Write out exactly the lines below from the one containing "Panel sándwich de" to the last, both ends kept, and nothing more; skip all pictures.

Short text fragments from websites:
———
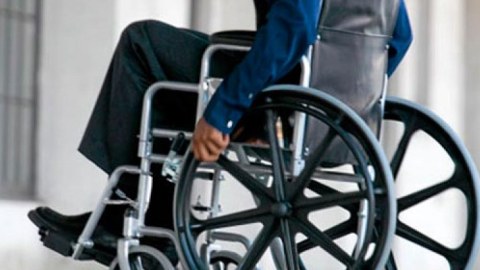 Kiyev Azərbaycanlıları Konqresi yaralı döyüşçülərə əlil arabaları göndərib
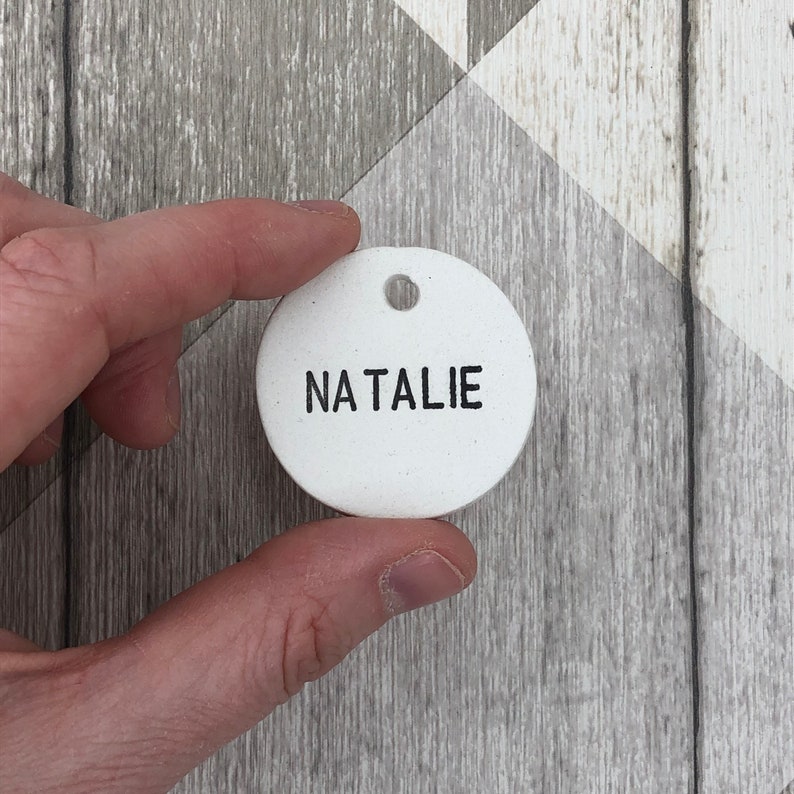 Clay name tags, personalised clay tags, place names, wedding favours, clay gift tags, wedding place names, wedding keepsake, name tags, clay Bild 9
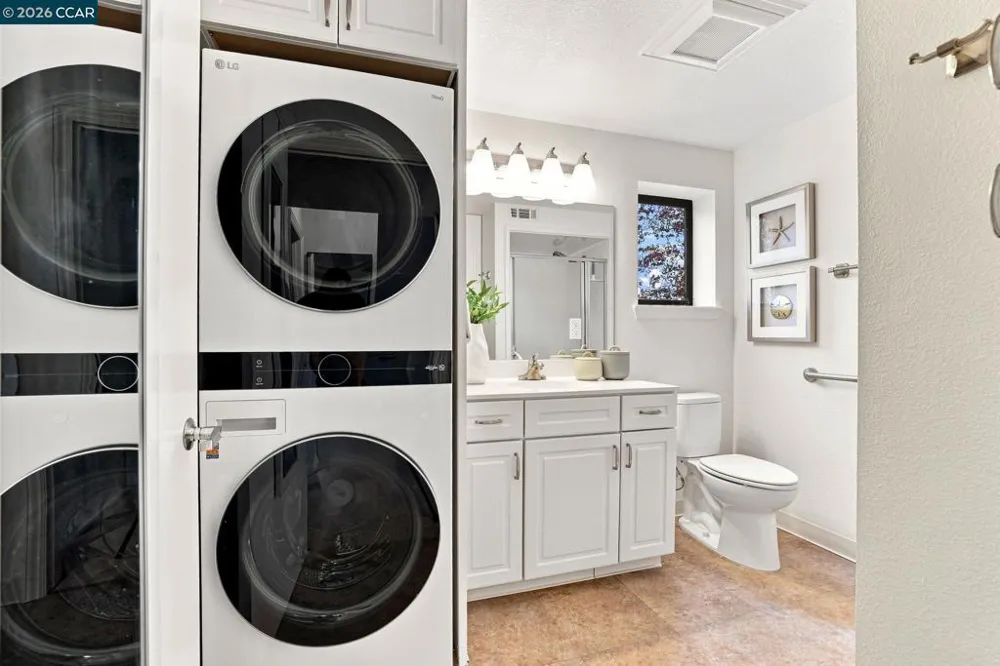 1209 Running Springs Rd. #2 Walnut Creek, CA 94595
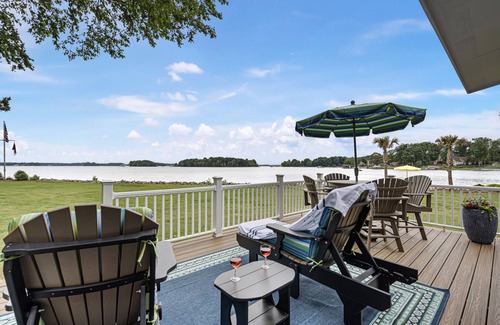 Mayhew House | NEW LISTING! 3 bedroom 2.5 bath 3K sq ft home on Lake Norman-hot tub-WATER VIEWS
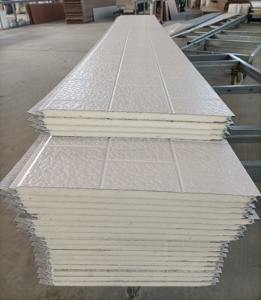 Panel sándwich de PU blanco moderno personalizable para aislamiento <span class=keywords><strong>térmico</strong></span> de decoración de hotel <span class=keywords><strong>interior</strong></span> y exterior - Product Image 1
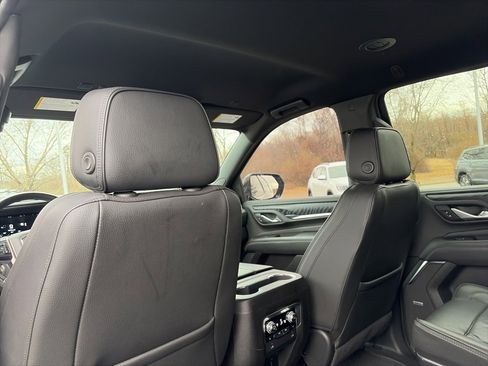 Used 2022 GMC Yukon XL Denali image 28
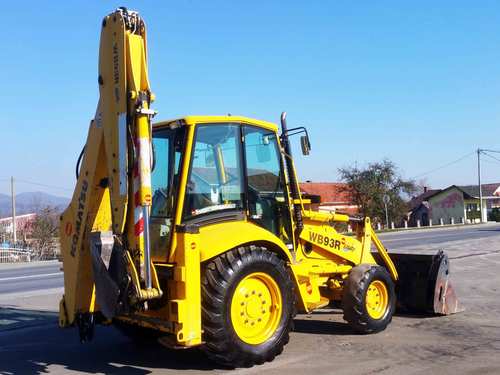 Product picture Komatsu WB91R-2 & WB93R-2 operation and maintenance manual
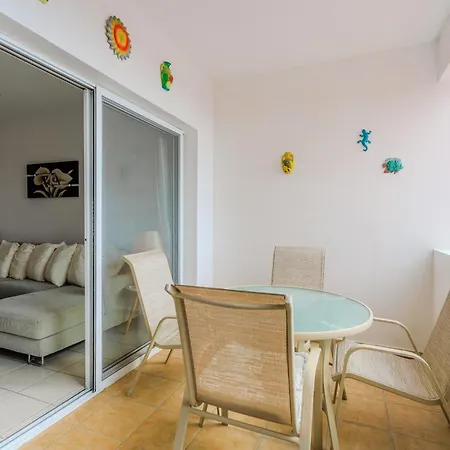 Resitour - Hills Apartment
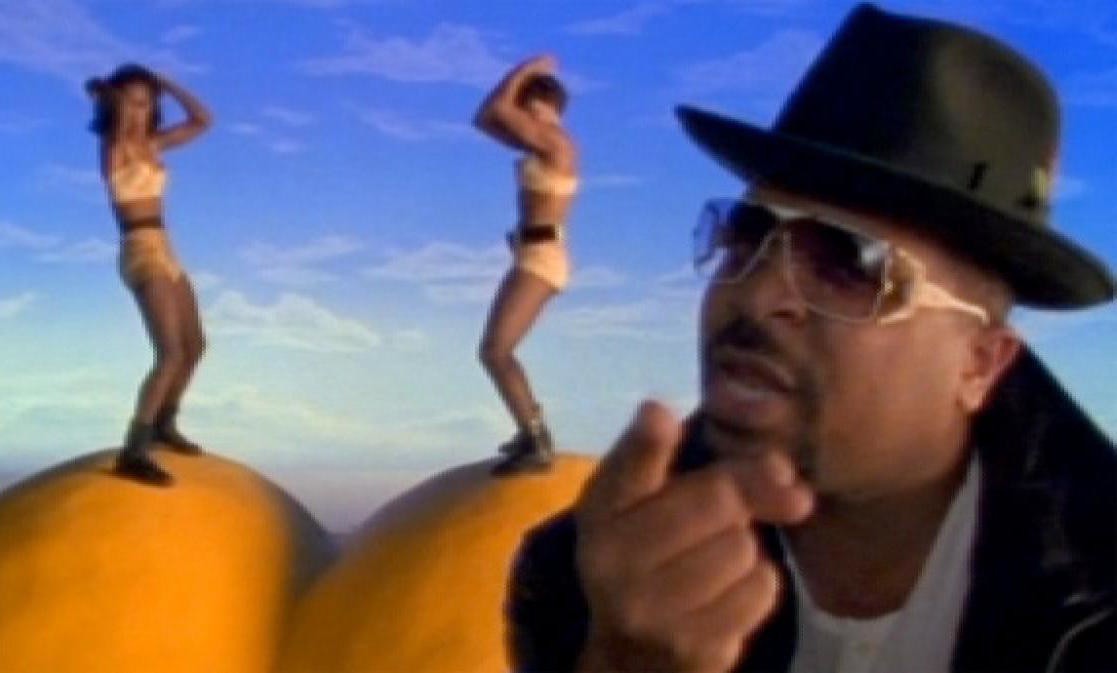 This Dude is Getting All of Sir Mix-A-Lot's Dirty Sexts After Acquiring His  Old Phone Number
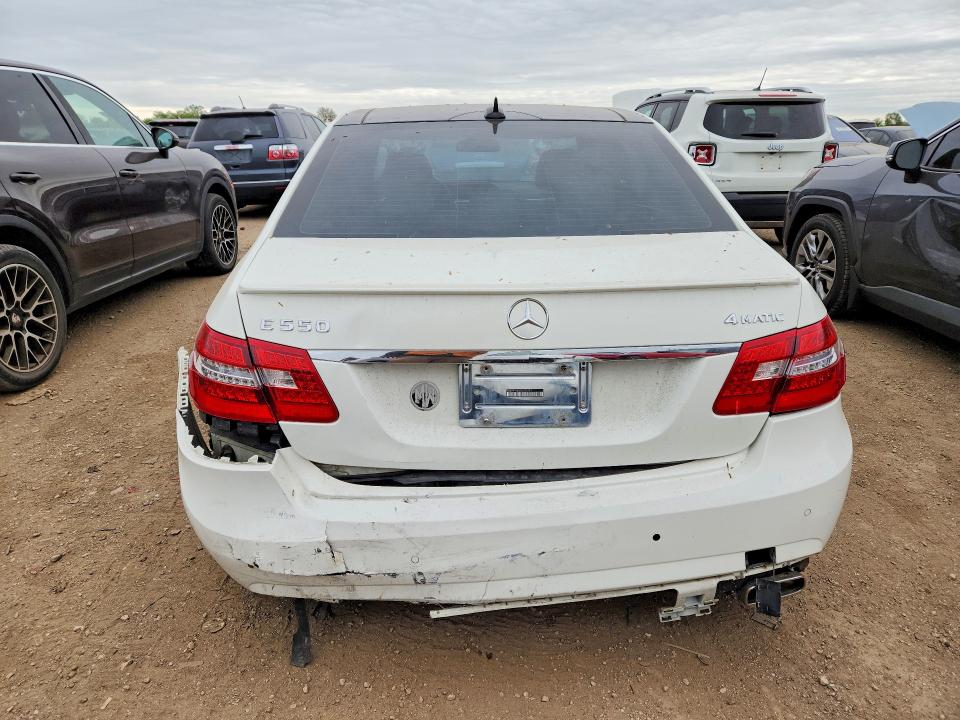 2011 Mercedes-benz E მანქანა იყიდება აუქციონზე, vin: WDDHF9AB2BA502324, აუქციონის ნომერი: 54503416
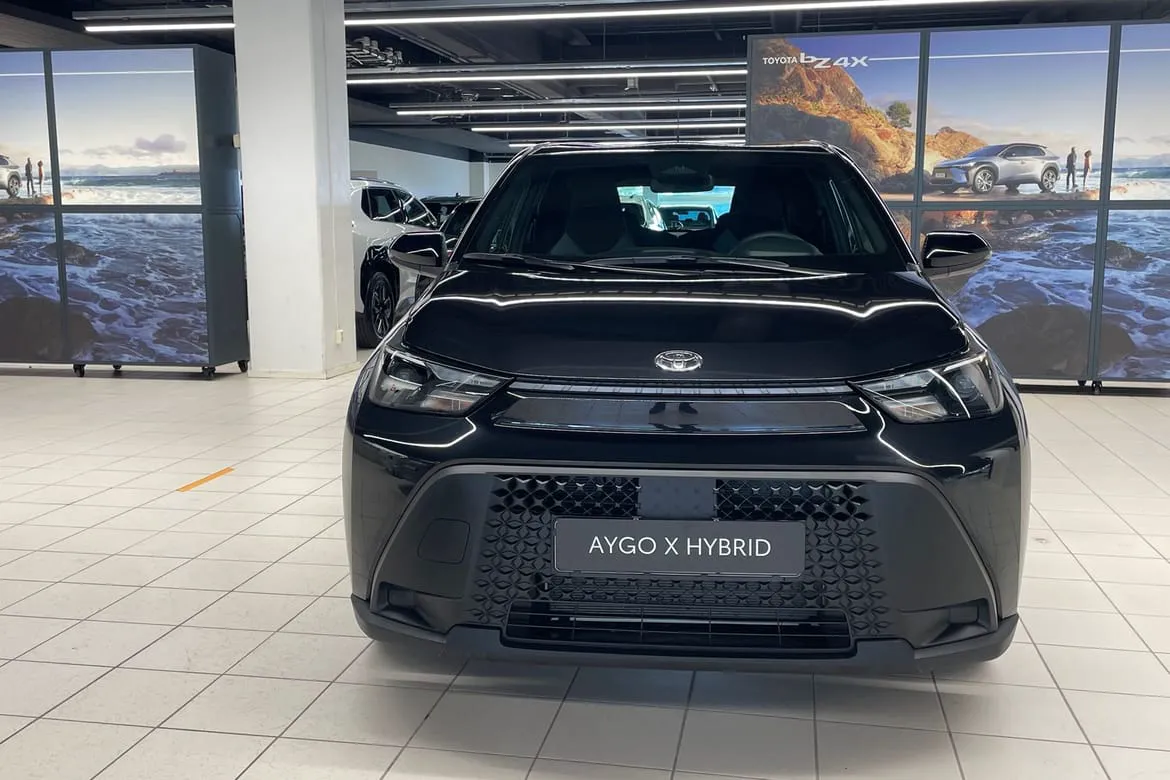 Vehicle image 5
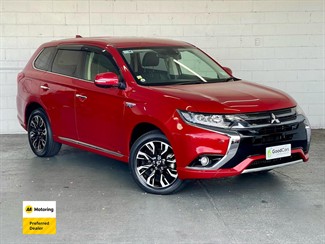 2015 Mitsubishi OUTLANDER - Thumbnail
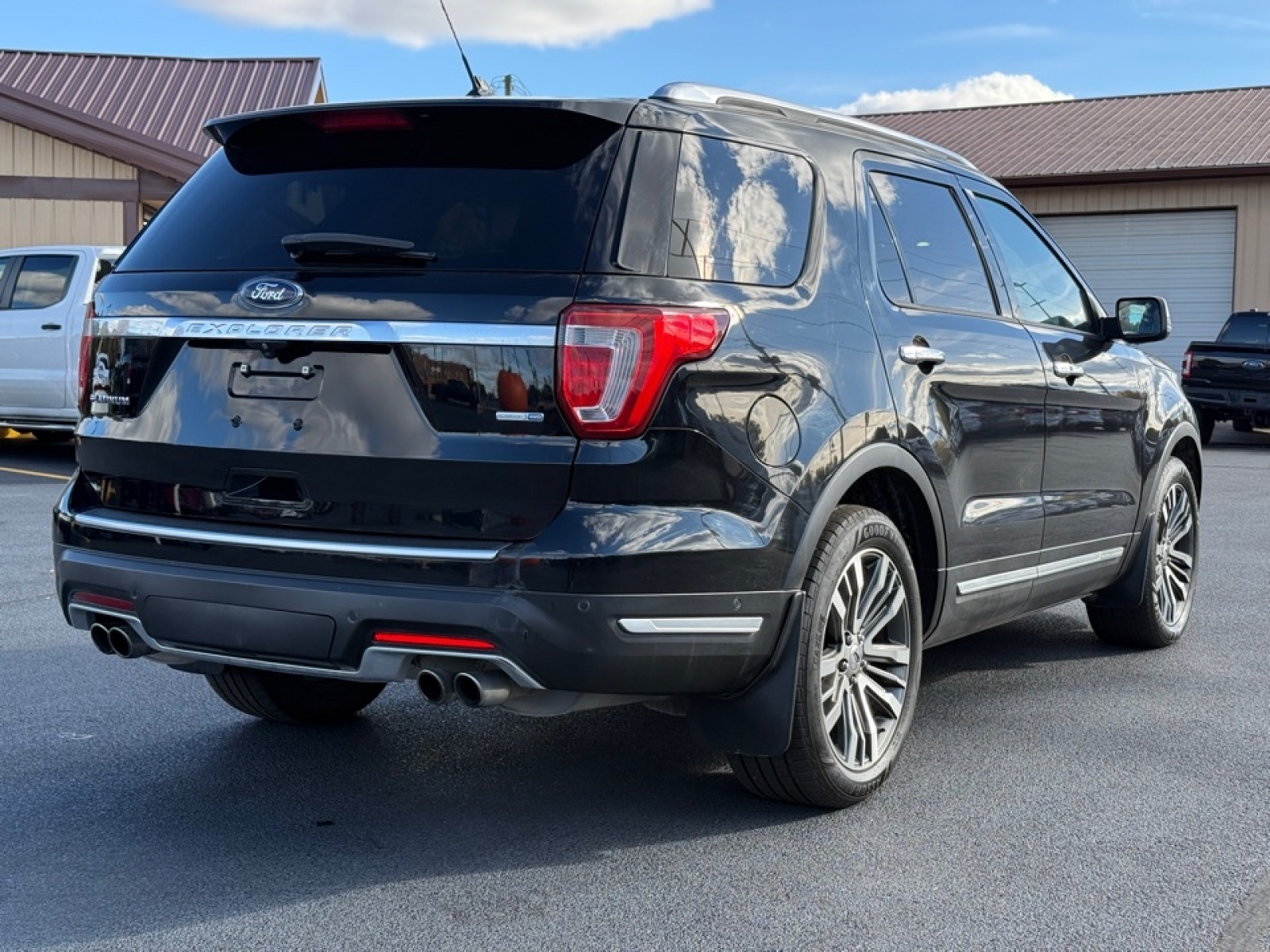 2018 Ford Explorer Platinum, 39081, Photo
———
Output below:
 Panel sándwich de PU blanco moderno personalizable para aislamiento <span class=keywords><strong>térmico</strong></span> de decoración de hotel <span class=keywords><strong>interior</strong></span> y exterior - Product Image 1
 Used 2022 GMC Yukon XL Denali image 28
 Product picture Komatsu WB91R-2 & WB93R-2 operation and maintenance manual
 Resitour - Hills Apartment
 This Dude is Getting All of Sir Mix-A-Lot's Dirty Sexts After Acquiring His  Old Phone Number
 2011 Mercedes-benz E მანქანა იყიდება აუქციონზე, vin: WDDHF9AB2BA502324, აუქციონის ნომერი: 54503416
 Vehicle image 5
 2015 Mitsubishi OUTLANDER - Thumbnail
 2018 Ford Explorer Platinum, 39081, Photo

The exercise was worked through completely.